Commentary on Political Economy

Thursday 21 March 2024


It’s time for a deal with the EU on defence

The Times

Back in the depths of the Brexit wars, when Theresa May had lost her overall majority and Westminster became a battleground, the British government made an offer to the European Union.

May was prepared to agree a defence and security pact, she told the EU. Speaking at the Munich Security Conference in February 2018, the PM said that “rigid institutional restrictions” should not be allowed to get in the way of close co-operation on policing, justice and defence.

It all came to naught. In the Britain of six years ago it was never going to work. Both parliament and the country were split. Hardline Brexiteers were suspicious that a defence and security pact might be part of a Remainer effort to block or dilute Brexit.

Hardline Remainers at the time were more focused on preventing Brexit from taking place at all, so May’s proposed scheme to remain close to the EU was dismissed as a distraction from the campaign that was about to be launched in April 2018 calling for a second referendum.


Since then a period as long as the Second World War has passed and a lot has changed in Europe. There is an actual war on and neither the EU nor the UK has, on its own, sufficient capacity to manufacture the munitions and materiel needed to help Ukraine and deter Russia from future aggression. At the same time, there is a risk that the US will reduce its commitment to defending Europe.

As a result, there is a lively conversation going on in EU capitals about how the UK — a major defence manufacturer, as well as one of only two nuclear-armed powers in Europe — can be involved in this effort to help to rearm when we sit outside the single market. The door is suddenly ajar on defence and security and it looks as though it will fall to the Labour Party to take part in talks on new deals between Britain and the EU after the general election.

John Healey, the shadow defence secretary, and David Lammy, the shadow foreign secretary, have both spoken of the need to seek such agreements, either a security pact on policing and justice that also touches on defence or a more grandly named defence and security agreement.

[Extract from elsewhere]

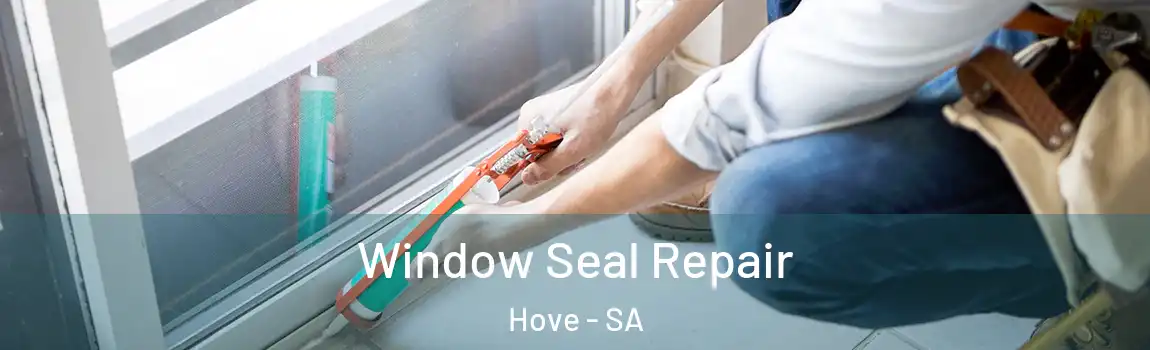 Window Seal Repair Hove - SA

What does that mean in practice? One possibility is that outside the terms of the Brexit deal — the Trade and Co-operation Agreement — defence and defence-related technology could receive a “carve out”, or a blind eye could be turned, that makes co-operation easier across borders.

In blunt terms, if you are a defence manufacturer producing a product for Ukraine that is one third made in Norway, one third in Britain and a third inside the EU, the rules governing the single market make everything more complicated and slower when it comes to buying and selling.

On procurement — writing the rules that govern how governments buy the kit they need — might the EU also undertake to treat British-based defence companies as being de facto within the single market?

Labour insists that it doesn’t want to rejoin the single market or the customs union, so if the EU does want Britain to boost defence manufacturing, some kind of workaround pact to make trade easier will have to be found.


The cold, hard numbers make it obvious why it should happen. According to the European Defence Agency, the European defence industry had turnover of €84 billion in 2021. That is simply too small in comparison to the US, which has a population only two thirds the size of the EU.

America dominates defence. A European parliament study last year found that only 17 of the world’s top 100 defence companies are headquartered in the EU, whereas 46 of the top 100 are based in the US. The top five American companies alone had combined total sales that were more than double those of the entire EU defence industry.

In 2022, the turnover of the British defence industry was £22.2 billion (€26 billion), according to the defence industry trade body ADS. That’s obviously way smaller than the US, but note that it is a sum not far off a third of the combined turnover of the EU’s companies.

So, in a war era it will make a meaningful difference to our collective security if we increase co-operation, make more together, and find pragmatic ways to fuse British and European efforts.

Some of my fellow Brexiteers, and furious Remainers who want to rejoin the single market, will at this point be having kittens. Indeed, I was among the sceptics when the concept of a pact was first floated by Labour.

There must, of course, be a clearly understood separation between defence production and operational matters. The EU is a powerful regulator of a trade bloc and its rules but it is not, and won’t become, the organiser of Europe’s defence.


Nato is the operational body that counts. It is the number one vehicle for European and British security and, even if the US were to leave under a re-elected President Trump or another populist successor, the European pillar of Nato is where military decisions will be made. The welcome message from Labour is that Nato remains absolutely paramount.

Of course, every time one says that a reasonable compromise should be possible when it comes to EU-UK relations, the shouting starts in Britain, while in Brussels there is talk of the beastly Brits wanting to cherry-pick from the EU buffet.

But, as I said, we’re in an era of conflict. Let’s grow up. The fog of a parliamentary war over Brexit has cleared and in front of us is a real war, an existential military conflict in Ukraine that threatens to spill over into the rest of Europe soon. It is in everyone’s interests, with Russia on the prowl, that we find a way to co-operate.